El hecho es que entre la presión impuesta por la temporalidad bancaria y el escape prometido por la temporalidad religiosa hemos ido olvidando esa temporalidad intermedia que es la de nuestros cuerpos, nuestras sociedades y nuestro planeta. Entre el corto (cortísimo) plazo de la productividad y el largo (larguísimo) plazo de la salvación eterna tenemos un vacío insondable que nos aleja de las soluciones que requieren los problemas que enfrentamos. Esta semana, por ejemplo, apareció la última entrega del quinto informe del Grupo Intergubernamental de Expertos sobre el Cambio Climático, en donde se muestra que el deterioro del planeta es peor de lo previsto y que si no hay cambios drásticos destinados a sintonizar la productividad con la sostenibilidad, vamos directo hacia una catástrofe.

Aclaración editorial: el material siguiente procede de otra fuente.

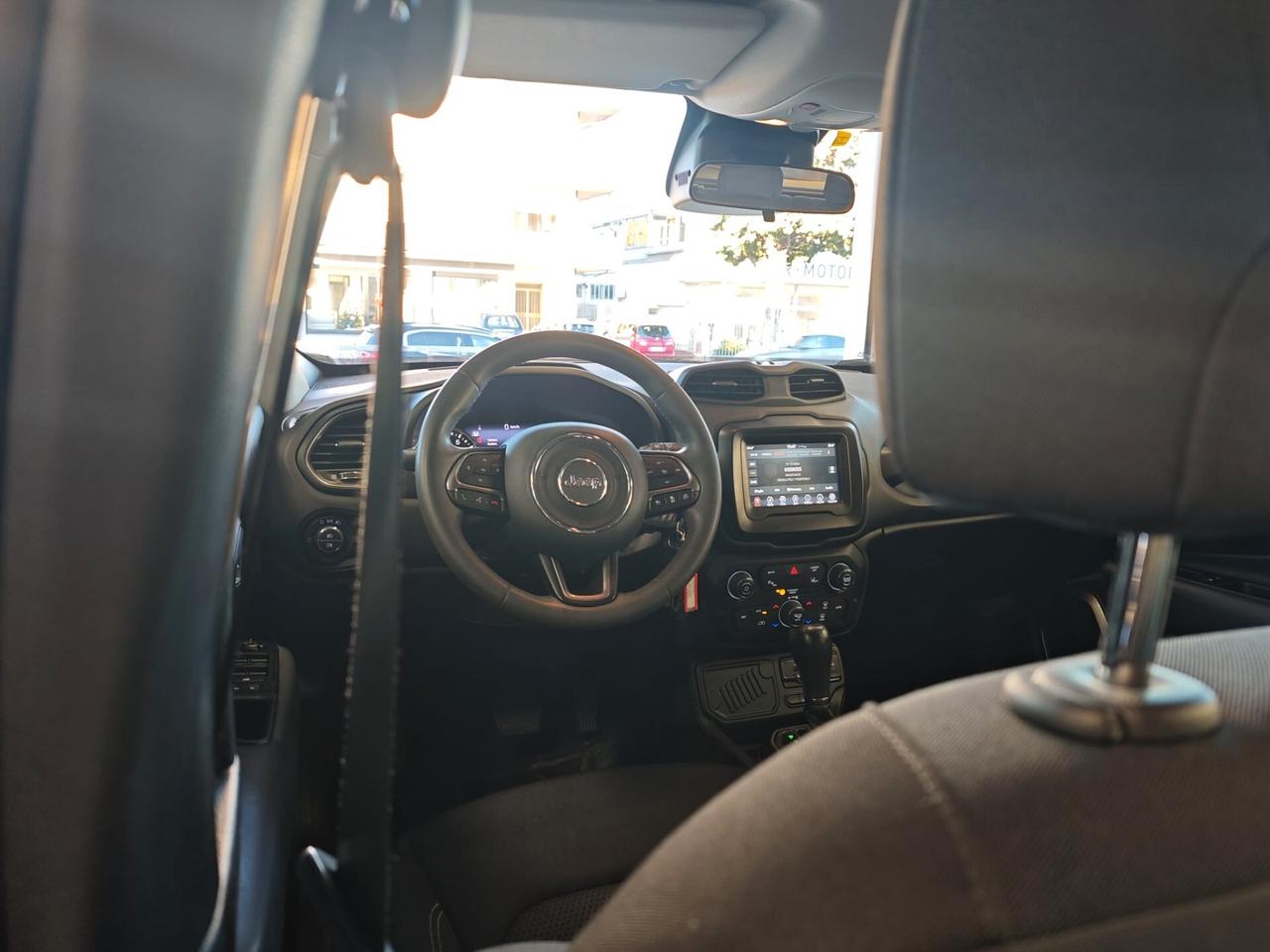 Jeep Renegade 1.3 T4 DDCT S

De otra parte, el mundo de la política se volvió un negocio cada vez más ligado al ritmo acelerado del consumo y, por ello mismo, cada vez menos dispuesto a reconocer la temporalidad lenta de la historia y de los pueblos. Las soluciones de largo plazo, las que incluyen varias generaciones, no se venden en las urnas. Mejorar la educación pública, promover la cultura ciudadana, pensar en un planeta en el que nuestros nietos puedan vivir, son temas que implican políticas de largo aliento que terminan siendo desplazadas por los imperativos coyunturales de la seguridad o de la rentabilidad económica (lo urgente ha reemplazado lo importante). Pero en política, como en gastronomía, las buenas recetas toman tiempo; un tiempo que nos ha sido confiscado por la impaciencia del mundo actual. No me explico cómo los jóvenes, que son las principales víctimas de esta mala política, no protestan más contra el egoísmo cortoplacista de los adultos que nos gobiernan.
Leyendo el periódico de ayer pienso que la paciencia, esa actitud que nos permitía escribir cartas y ver el mundo con los ojos del mediano plazo, era una virtud social más importante de lo que solemos pensar ahora.